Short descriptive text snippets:
-- Opening Marker --

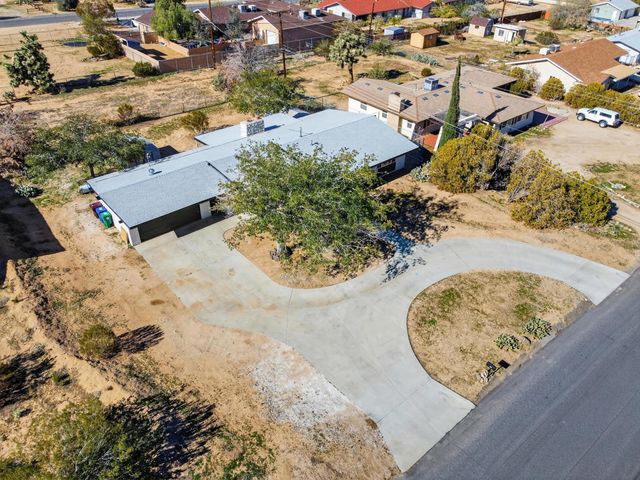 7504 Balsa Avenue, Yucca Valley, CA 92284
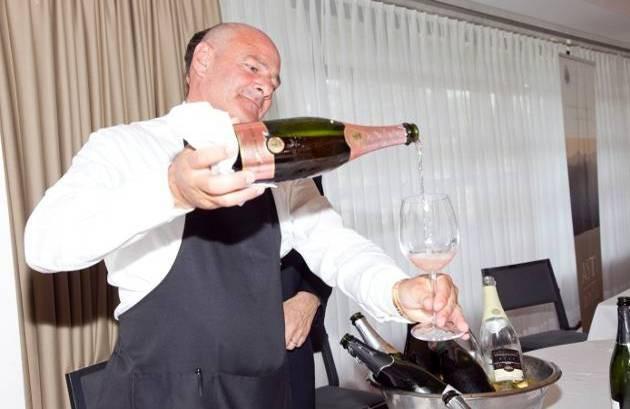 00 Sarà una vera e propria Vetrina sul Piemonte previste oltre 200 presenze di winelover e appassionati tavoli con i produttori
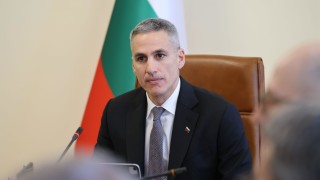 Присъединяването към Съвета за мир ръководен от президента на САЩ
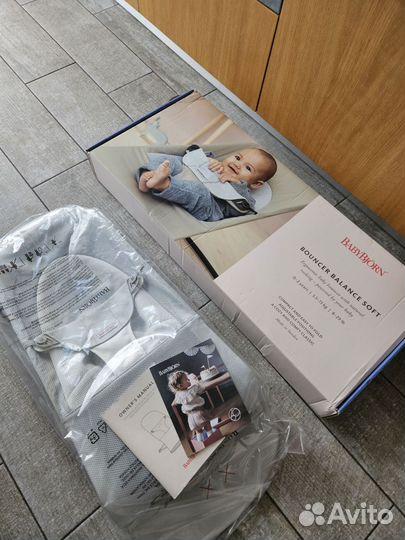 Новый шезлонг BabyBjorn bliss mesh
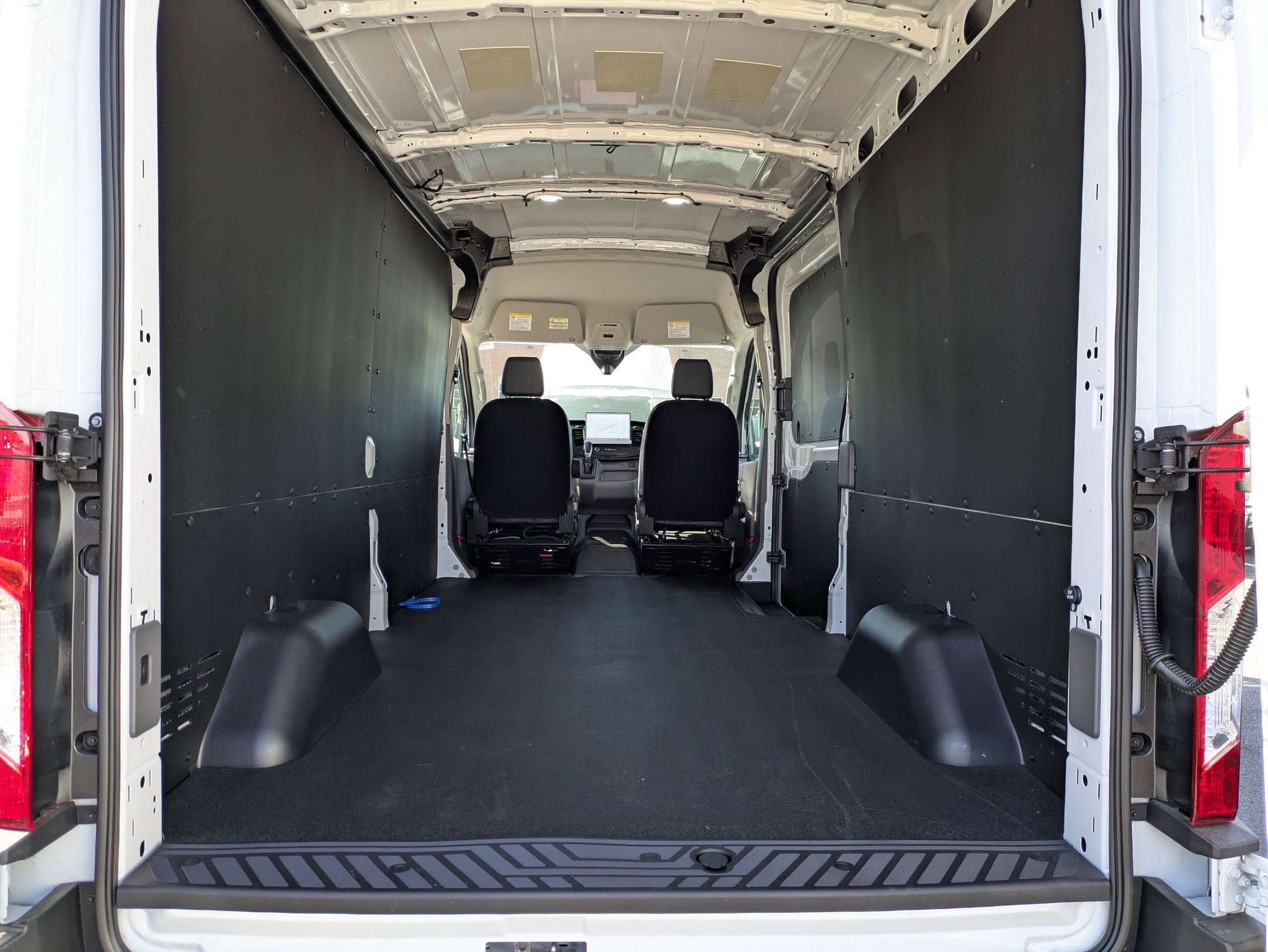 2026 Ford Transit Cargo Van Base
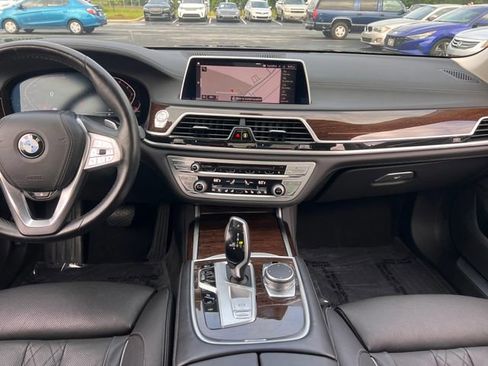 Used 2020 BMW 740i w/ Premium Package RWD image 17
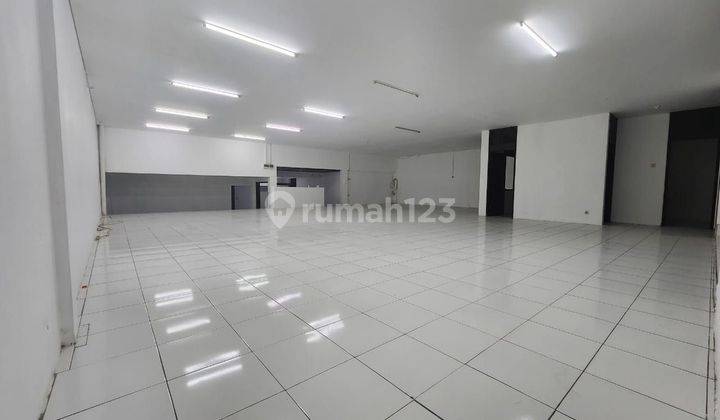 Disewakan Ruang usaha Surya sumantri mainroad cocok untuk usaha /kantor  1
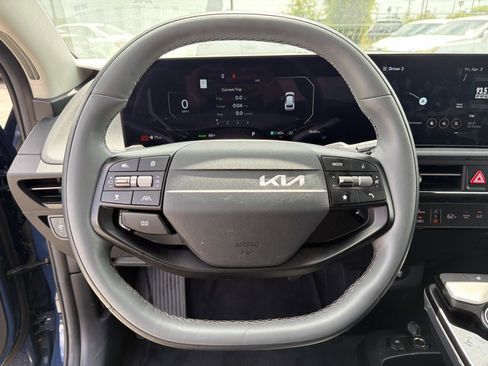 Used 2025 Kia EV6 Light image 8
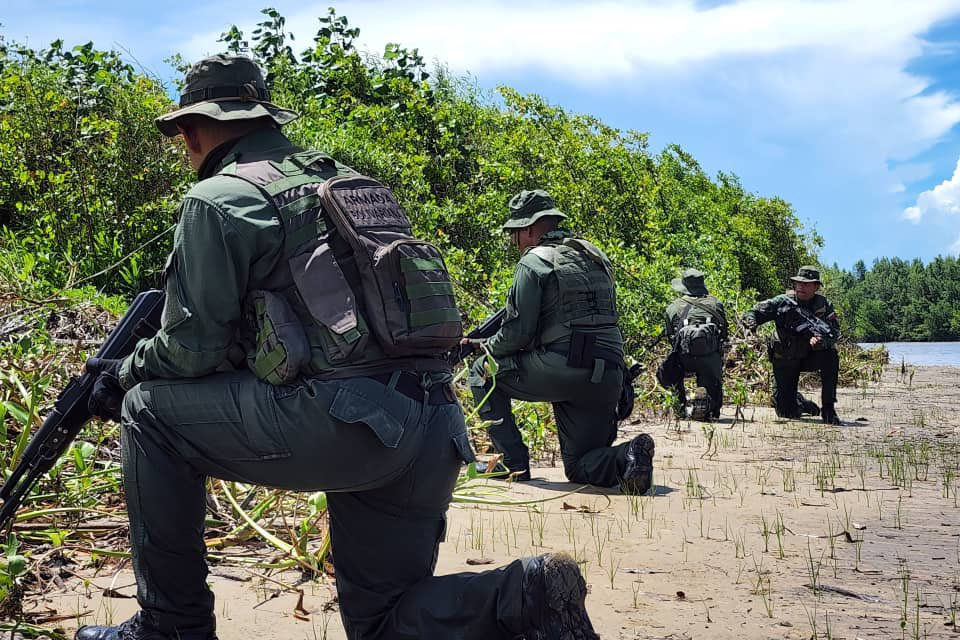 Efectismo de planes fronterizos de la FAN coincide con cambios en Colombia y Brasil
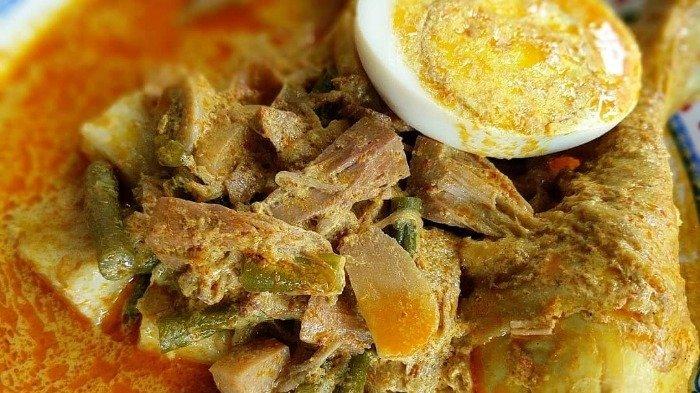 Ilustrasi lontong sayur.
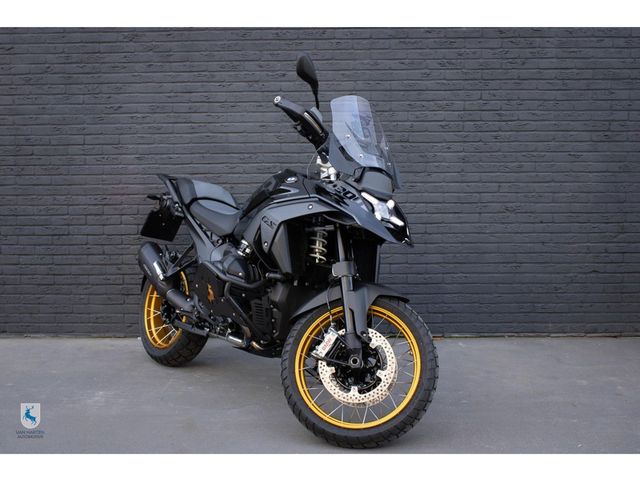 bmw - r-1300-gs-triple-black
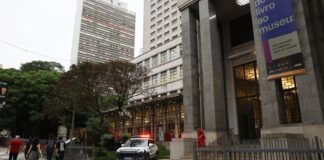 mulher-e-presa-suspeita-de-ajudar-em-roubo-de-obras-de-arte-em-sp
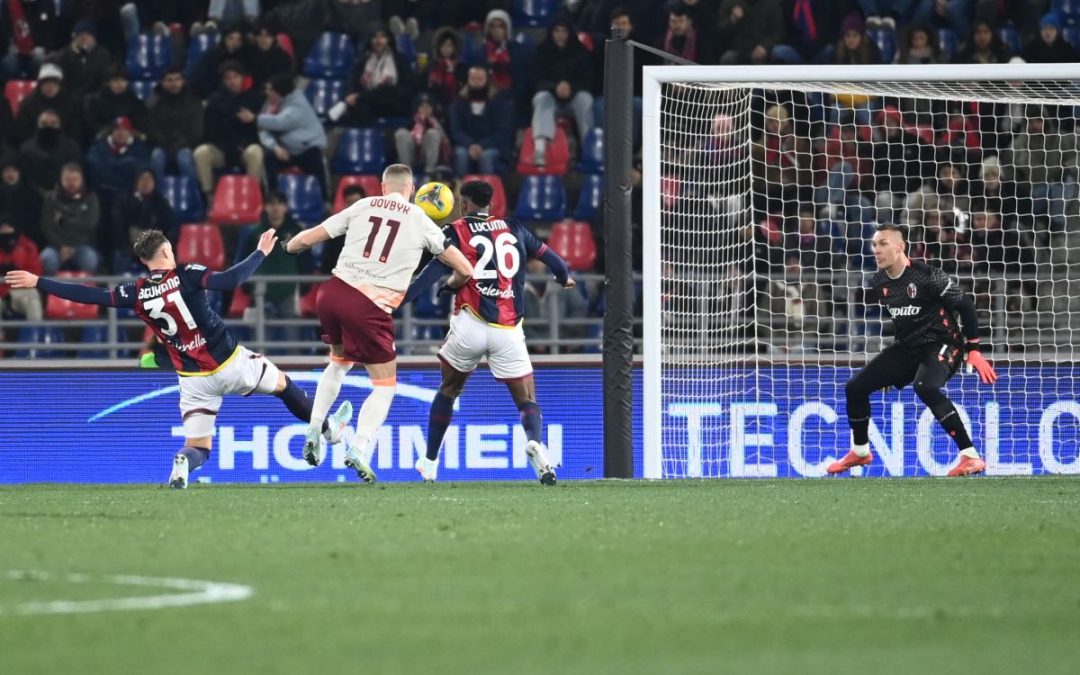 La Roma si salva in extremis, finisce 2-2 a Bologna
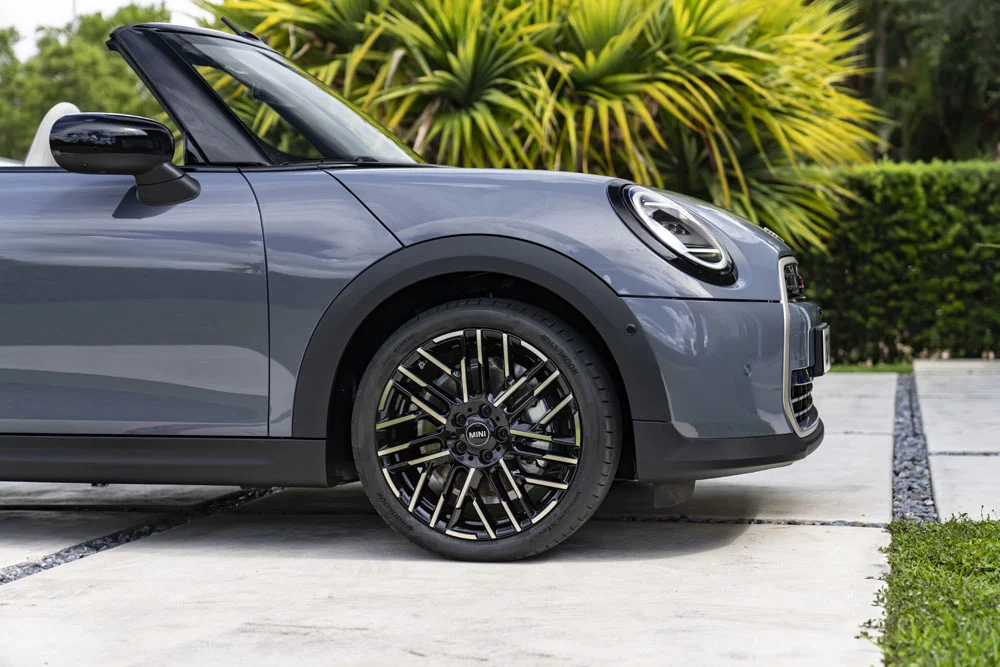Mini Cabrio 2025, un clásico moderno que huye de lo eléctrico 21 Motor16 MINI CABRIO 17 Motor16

-- Closing Marker --

Every line from the one containing "La Roma si salva" through the end of the entries above is to be copied exactly; pictures are to be left out.

- [Output of the task]
 La Roma si salva in extremis, finisce 2-2 a Bologna
Mini Cabrio 2025, un clásico moderno que huye de lo eléctrico 21 Motor16 MINI CABRIO 17 Motor16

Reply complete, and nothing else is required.